Part 2, of a trilogy, continuing the story started in What The Crew Doesn't Know.
Chakotay's POV of the same events.

We have a date tonight.

Six years we've known each other. For six years we've fought, flirted, fucked, laughed, loved, comforted and sulked. This morning I saw her cry and tonight we have our first date.

We've come nearly a full circle.

Kathryn the contradiction. Kathryn whose presence has defined my life for the past six years, whether she meant to or not. Kathryn my lover, although I doubt she thinks of herself as that.

We've lived our relationship backwards I think. No, not even that. We've been through every stage there is of a relationship, just in a jumble of order. We've had passion. Love. Hate. Indifference. Friendship. Now I am hoping we can bring them all together to make a whole.

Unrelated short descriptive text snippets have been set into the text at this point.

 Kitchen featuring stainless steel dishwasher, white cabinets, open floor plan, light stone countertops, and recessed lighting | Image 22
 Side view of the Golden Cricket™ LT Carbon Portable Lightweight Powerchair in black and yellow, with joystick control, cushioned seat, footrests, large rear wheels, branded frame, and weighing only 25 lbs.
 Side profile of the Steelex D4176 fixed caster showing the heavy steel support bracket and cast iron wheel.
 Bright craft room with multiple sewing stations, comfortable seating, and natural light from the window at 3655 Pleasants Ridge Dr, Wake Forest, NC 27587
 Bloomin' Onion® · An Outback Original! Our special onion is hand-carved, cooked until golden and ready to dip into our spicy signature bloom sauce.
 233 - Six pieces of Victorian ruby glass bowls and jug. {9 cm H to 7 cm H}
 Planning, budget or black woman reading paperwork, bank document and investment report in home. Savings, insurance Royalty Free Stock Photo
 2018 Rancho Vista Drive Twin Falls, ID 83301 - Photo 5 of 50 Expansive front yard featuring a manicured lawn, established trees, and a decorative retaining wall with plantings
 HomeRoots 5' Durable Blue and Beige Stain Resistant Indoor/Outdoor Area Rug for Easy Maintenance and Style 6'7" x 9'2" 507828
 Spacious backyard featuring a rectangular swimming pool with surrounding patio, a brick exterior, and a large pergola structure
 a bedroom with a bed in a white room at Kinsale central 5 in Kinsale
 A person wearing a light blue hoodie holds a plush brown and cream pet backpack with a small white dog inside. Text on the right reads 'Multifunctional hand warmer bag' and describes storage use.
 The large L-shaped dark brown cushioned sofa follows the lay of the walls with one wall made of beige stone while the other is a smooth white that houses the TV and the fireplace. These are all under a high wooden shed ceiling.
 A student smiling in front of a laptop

When I was first on her ship, I wanted her. I wanted her so badly that I used to lie awake at night, shaking with it. I could think of no-one else. Seska became as insignificant as a fly on the wall. She realized that and hated me for it, hated me pushing her from what used to be our bed. Seska wanted me but I didn't care. If I couldn't have Kathryn, I didn't want anyone.

Kathryn wanted me too, but in a different way. She just wanted my body in hers, the physical release. Don't get me wrong, I wanted that as well, I wanted that the most. But I saw something that she didn't see. I saw that we had the potential to be far more to each other.

The first time I came to her was an epiphany. There is no other word for it. We didn't say anything, but within five minutes of entering her quarters I was inside her, hammering my way into her body, branding her as mine. There was no room for any conscious thought, indeed there was no time for it. A minute later I was coming, she was coming and things would never be the same again. I left more than my seed inside her that night. I left part of my soul, although it took me a while to realize it.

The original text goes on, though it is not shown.